Go to CCP Homepage Go to Materials Page Go to Table of Contents
Go Back One Page Go Forward One Page

Linear Correlation and Regression

Part 1: Association

In this module we will look at methods for studying the relationship between two variables. Many of the statistical ideas here are due to Sir Francis Galton, an English anthropologist who was interested in hereditary processes. Knowing that children bear some resemblance to their parents, Sir Galton was interested in how strong that resemblance was. While Galton inspired many statistical questions, the formal development of many of his ideas is due to his colleague Karl Pearson. Some of the data collected by Galton and Pearson are available, but the data sets are rather large for our purposes, so we will look at some test scores for a math class.

  1. Consider the test data given below. For each test, compute the average (also known as the mean) and the standard deviation of the scores. What do you notice?
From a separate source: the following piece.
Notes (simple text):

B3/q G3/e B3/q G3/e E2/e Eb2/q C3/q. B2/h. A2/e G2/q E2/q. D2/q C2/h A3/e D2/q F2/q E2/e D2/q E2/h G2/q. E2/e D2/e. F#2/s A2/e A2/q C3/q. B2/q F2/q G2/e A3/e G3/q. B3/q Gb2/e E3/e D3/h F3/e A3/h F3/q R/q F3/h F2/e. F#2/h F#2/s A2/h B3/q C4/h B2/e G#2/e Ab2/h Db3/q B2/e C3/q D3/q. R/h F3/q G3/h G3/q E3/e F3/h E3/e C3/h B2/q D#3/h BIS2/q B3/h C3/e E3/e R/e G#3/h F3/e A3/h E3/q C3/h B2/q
    Student Test 1 Score Test 2 Score Test 3 Score
    Liza

    70

    75

    60

    Geoff

    91

    88

    74

    Kirsten

    88

    91

    81

    Jeremy

    87

    90

    66

    Ko

    45

    41

    50

    Clyde

    81

    80

    95

    Serpil

    77

    74

    86

    Shameeka

    74

    76

    68

    Zoe Ann

    73

    74

    83

    Yiannis

    95

    91

    94

    Alfred

    69

    70

    88

    Suzi

    67

    65

    59

    Ashya

    65

    63

    69

    Sreek

    60

    66

    77

    Lionel

    83

    81

    75

     

  2. Use your computer algebra system to draw the following scatter plots:
  3. Click here for help creating a scatter plot with Maple.

  4. We say that two variables are positively associated when larger values of one variable tend to occur with larger values of the other variable. When larger values of one variable occur with smaller values of the other variable, we say the variables are negatively associated. What do the scatter plots tell you about the association between a student's score on Test 1 and his or her score on Test 2? What about the association between a student's score on Test 2 and Test 3?
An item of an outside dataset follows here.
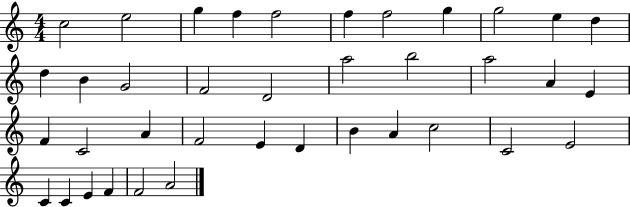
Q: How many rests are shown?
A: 0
  5. Consider relationship between a student's test average and the number of times he or she misses class during the term. Would you expect a positive or negative association between these variables? Why?
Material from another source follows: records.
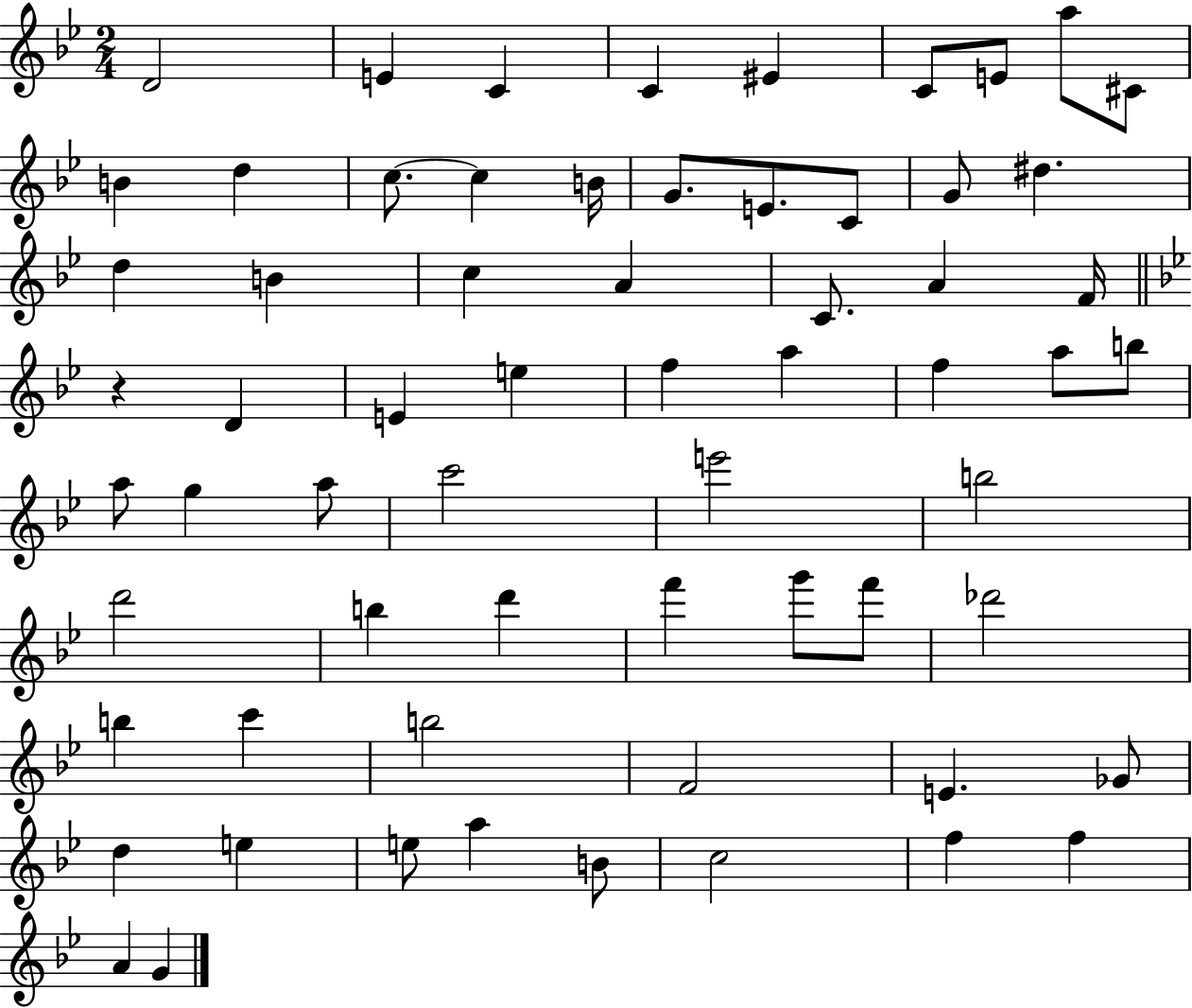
{
  \clef treble
  \numericTimeSignature
  \time 2/4
  \key bes \major
  d'2 | e'4 c'4 | c'4 eis'4 | c'8 e'8 a''8 cis'8 | \break b'4 d''4 | c''8.~~ c''4 b'16 | g'8. e'8. c'8 | g'8 dis''4. | \break d''4 b'4 | c''4 a'4 | c'8. a'4 f'16 | \bar "||" \break \key g \minor r4 d'4 | e'4 e''4 | f''4 a''4 | f''4 a''8 b''8 | \break a''8 g''4 a''8 | c'''2 | e'''2 | b''2 | \break d'''2 | b''4 d'''4 | f'''4 g'''8 f'''8 | des'''2 | \break b''4 c'''4 | b''2 | f'2 | e'4. ges'8 | \break d''4 e''4 | e''8 a''4 b'8 | c''2 | f''4 f''4 | \break a'4 g'4 | \bar "|."
}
  6. If a student scored an 82 on Test 1, what do you predict he would score on Test 2? If the student scored an 82 on Test 2, what would you predict for his score on Test 3? Which prediction do you expect to be more accurate? Why?

  7. In the scatter plot of Test 2 scores versus Test 1 scores, the points appear to be tightly clustered along a line: there is a strong linear association between scores on the first two tests. In the second scatter plot, the clustering is looser (and the linear association is weaker). How is this observation related to the previous question?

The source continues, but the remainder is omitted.